When one reaches a certain age, with children of one's own, one tends to notice a disturbing trend to become one's own father/mother according to gender.
Let me say at the outset that this may not be in and of itself a bad thing. My father is a lovely man and I'd far rather turn into him than pretty much anyone else, and having a close role model into whom to turn is doubtless infinitely preferable to a fatherless childhood.
However, one does notice certain half-forgotten character traits surfacing at odd moments. Such as - in my case - while driving.
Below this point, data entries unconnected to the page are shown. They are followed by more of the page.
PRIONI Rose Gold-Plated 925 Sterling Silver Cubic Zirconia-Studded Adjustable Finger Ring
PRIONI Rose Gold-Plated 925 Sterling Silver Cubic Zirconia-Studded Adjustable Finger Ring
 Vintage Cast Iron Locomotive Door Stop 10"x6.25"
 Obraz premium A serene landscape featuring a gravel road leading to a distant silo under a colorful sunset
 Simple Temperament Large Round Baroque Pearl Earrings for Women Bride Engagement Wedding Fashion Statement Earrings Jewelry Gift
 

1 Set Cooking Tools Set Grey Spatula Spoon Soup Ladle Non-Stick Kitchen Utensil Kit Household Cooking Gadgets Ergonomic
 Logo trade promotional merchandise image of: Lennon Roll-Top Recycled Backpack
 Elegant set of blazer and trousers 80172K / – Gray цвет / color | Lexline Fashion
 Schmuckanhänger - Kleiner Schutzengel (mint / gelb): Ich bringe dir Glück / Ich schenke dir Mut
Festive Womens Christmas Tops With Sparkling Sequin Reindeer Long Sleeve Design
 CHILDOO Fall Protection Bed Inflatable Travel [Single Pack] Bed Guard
My father had, and I am developing, a habit of dissipating frustration by giving a sarcastic running commentary on other people's driving. I find this better than reacting angrily or noticeably to the other driver in question. So "road rage" is replaced by "road unsolicited advice"; and to the guilty party it appears that you remain placid and unaffected and are merely having a pleasant conversation with your passenger. Or - if alone, singing along to the radio.
"Reduce your carbon footprint by refusing to use either indicator on approaching a mini-roundabout! Brilliant!" I say, smiling broadly.
Or "Yes - why not wait until the last moment to change lanes on approaching the lights, thus neatly blocking two lanes instead of one!"
Mrs Byard, inevitably, takes the side of the other person. "Well he might be lost. Or confused by all those big painted arrows on the road indicating which lane to use," she will say.
For a time, I experimented with Shakespearean road rage. "Fie upon thee for an inobservant knave, sirrah!" I would mutter. But it became too predictable.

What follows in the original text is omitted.